We hebben allebei nodig: een gewoon leger en een burgermacht.
Kritiek op de plannen is er ook. Want terwijl de minister van Defensie zegt een miljard euro uit te willen trekken voor de oprichting van dit vrijwilligersleger, kan dat geld volgens critici beter aan reguliere manschappen of modernisering van het materieel worden gespendeerd. "Het is zeker zo dat het vrijwilligersleger voor de regering op dit moment op de eerste plaats komt, nog voor de behoeften van het gewone leger", zegt militair expert Juliusz Sabak. Maar volgens hem moet het burgerleger vooral gezien worden als een aanvulling op de Poolse landmacht.
"Ze zullen vooral achter de frontlinie actief zijn. Met het verzorgen van gewonden, bevoorrading, of het vechten tegen speciale eenheden die achter de frontlinie worden gedropt.
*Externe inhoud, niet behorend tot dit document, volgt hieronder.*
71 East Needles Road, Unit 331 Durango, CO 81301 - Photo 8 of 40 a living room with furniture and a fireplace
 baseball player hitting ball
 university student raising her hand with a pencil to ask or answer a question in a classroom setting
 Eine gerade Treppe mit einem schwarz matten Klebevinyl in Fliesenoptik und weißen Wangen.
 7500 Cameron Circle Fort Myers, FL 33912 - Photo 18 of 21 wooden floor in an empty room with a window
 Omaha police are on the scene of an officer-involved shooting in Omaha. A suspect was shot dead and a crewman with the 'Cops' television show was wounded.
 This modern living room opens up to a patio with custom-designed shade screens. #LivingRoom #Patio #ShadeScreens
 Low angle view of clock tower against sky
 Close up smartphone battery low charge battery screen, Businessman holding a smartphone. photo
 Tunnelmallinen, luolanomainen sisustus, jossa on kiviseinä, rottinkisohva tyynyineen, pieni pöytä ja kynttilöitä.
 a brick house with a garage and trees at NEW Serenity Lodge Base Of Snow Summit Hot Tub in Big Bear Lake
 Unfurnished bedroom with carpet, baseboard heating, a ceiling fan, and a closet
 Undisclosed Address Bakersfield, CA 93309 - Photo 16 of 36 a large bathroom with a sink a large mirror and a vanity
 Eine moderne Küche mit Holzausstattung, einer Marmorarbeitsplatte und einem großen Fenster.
In deze tijden van hybride oorlogsvoering hebben we allebei nodig, een gewoon leger en een burgermacht."
Dan is er nog de angst dat het burgerleger niet alleen wordt opgeleid voor een mogelijk conflict met Rusland, maar ook ingezet gaat worden bij binnenlandse conflicten. Volgens Sabak is ook die angst onterecht. "Het plan voor een vrijwilligersleger was er ook al onder andere regeringen. Daarbij gaat het nog jaren duren voor ze getraind en actief zijn, nog zeker drie jaar."
In Urle hebben ze die tijd ook nog wel nodig. De jongens lopen in formatie door het bos. De vijand is daar, schreeuwt de voorste. Twee jongens vallen op de grond en beginnen te schieten, de anderen lopen alle kanten op.
Maar aan zelfreflectie is in Polen geen gebrek: "Ik heb niet zo'n hoge dunk van onze eenheid. Voorlopig zie ik ons nog niet vechten tegen een professioneel leger. Maar uiteindelijk zullen we in staat zijn om het vaderland en de burgerbevolking te beschermen."